Everything now is extreme. Political candidates and political division, mass uprisings, climate crises, extreme police brutality cases, insensitivity to race and gender, people who believe in science like it’s religion and science deniers…it all spins the head!
Wealth disparity may be the biggest extreme of all. Indeed this one extreme case may drive all the rest as “the rest of us” end up with increasingly short ends of the economic bargain.
Some believe we’re not at the bottom. How much worse does it need to get? I don’t know. It sure looks bad now.
Until I think about the extreme things people are doing to make the world a better place. We share stories about these people on the Copiosis Social Group on Facebook. There are enough good things happening around the world to write a book about. If you’re looking for rays of hope, our social page is a good place to go. For example, we share stories like these:
- There are at least five other organizations we know about directly, organizations creating new versions of human society. But far more than five are active world-wide. So many in fact, it seems to me we should have solved our problems already. Take a look at this huge list.
- How about this story of a veterinarian eating his lunch in a crate to comfort a scared dog named Graycie. Someone abandoned her. The vet is working to get her comfortable with people again so she will be adopted.

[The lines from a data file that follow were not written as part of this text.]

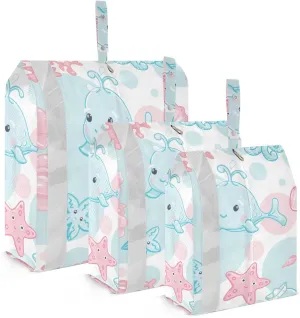 Cute Sea Life Packing Cubes Set of 3, Lightweight Travel Luggage Organizers Foldable Bags for Easy Packing and Organization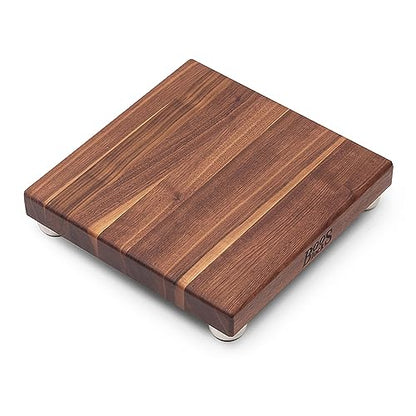John Boos B Series Square Wooden Walnut Cutting Board 12”x12” – 1.5” Thick, 5-lb Non-Reversible Butcher Block with Stainless Steel Bun Feet & Edge-Grain - color: Walnut with Stainless Steel Feet, size: 9"L x 9"W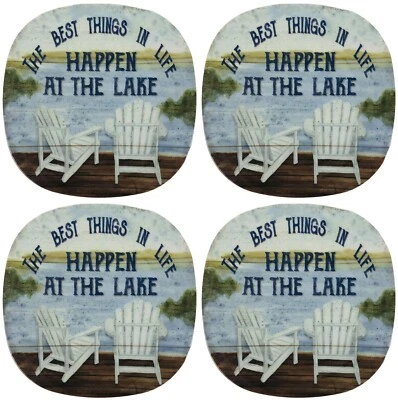 Juego de 4 platos de melamina pesada inspirados en el lago ensalada almuerzo merienda tamaño Lodge nuevo Foto 1 de 2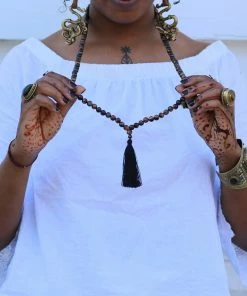 Offbeat Tiger Eye Buddhist Mala Beads Necklace With Black Tassels Jewelry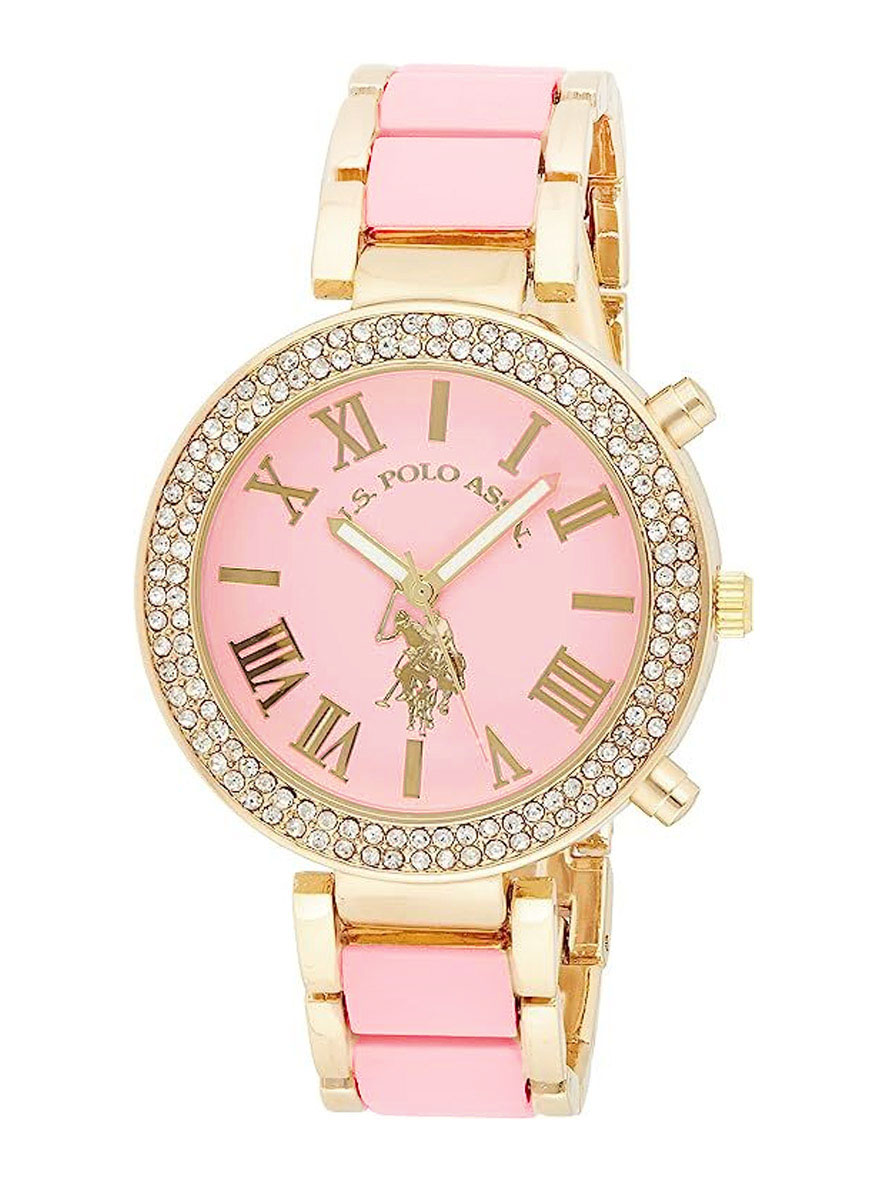U.S. Polo Assn. Women's Gold Tone and Pink Bracelet Watch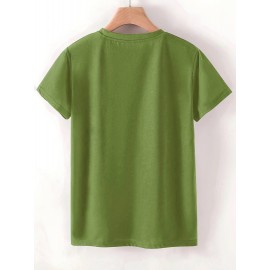 [3pcs Retro Tees] 3pcs Retro Love Heart Graphic Tees | Casual Short Sleeve Women's T-Shirts in Beige, Red & Orange with Golden Accents, Soft Polyester Blend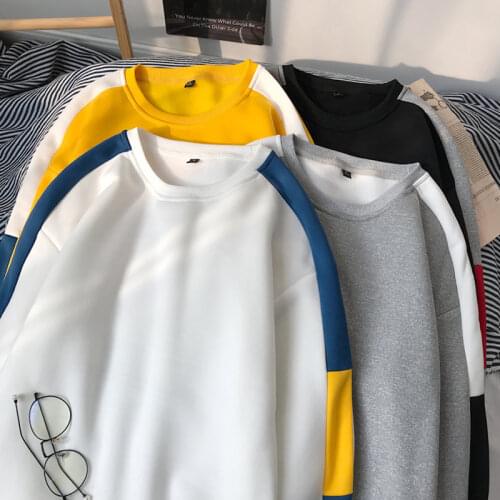 Patchwork Harajuku Sweatshirts Men 2021 Brand Fashion 6 Color Hoodie Mens Casual O-Neck Spring Autumn Sweatshirt for Men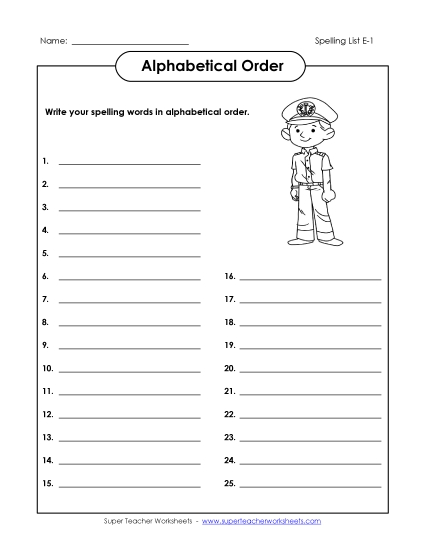 Alphabetical Order - Alphabetical Order: Whole List (E-1) (Printable PDF Worksheet)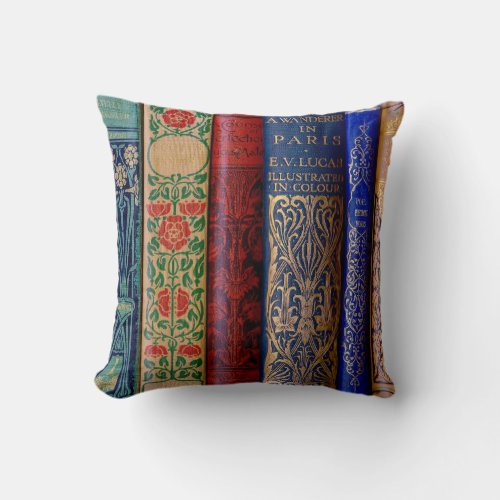 Bookish Book Spines Throw Pillow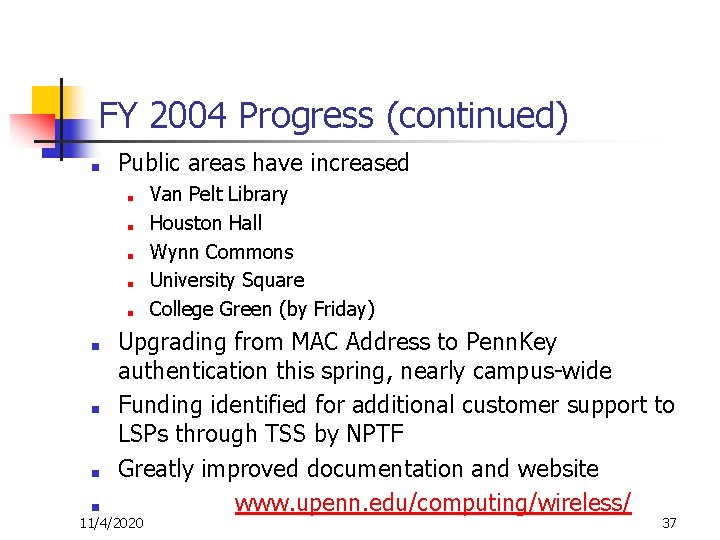 FY 2004 Progress (continued) ■ Public areas have increased ■ ■ ■ ■ ■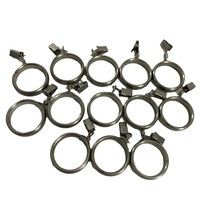 Lot 13 Silver Colored Metal Cafe Curtain Drapery Rings Clips 1 5/8&quot; Inner - $14.85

- There’s the story of 300 plumbers voluntarily installing water filters in Flint, for free. They installed water filters and new faucets in 1,100 homes in a single day. An international union and a trade group representing plumbing manufacturers donated the money, faucets and supplies to make it happen.
There are so many of these stories shared on our social page, I’m somewhat chagrined that we haven’t launched our NBR award accounts for such acts yet. One thing at a time. There is only so much volunteer organizations can do. But we’ll get to it.
It’s nice to know that even in a time of extremes, there are small, not-so-random acts of kindness still going on.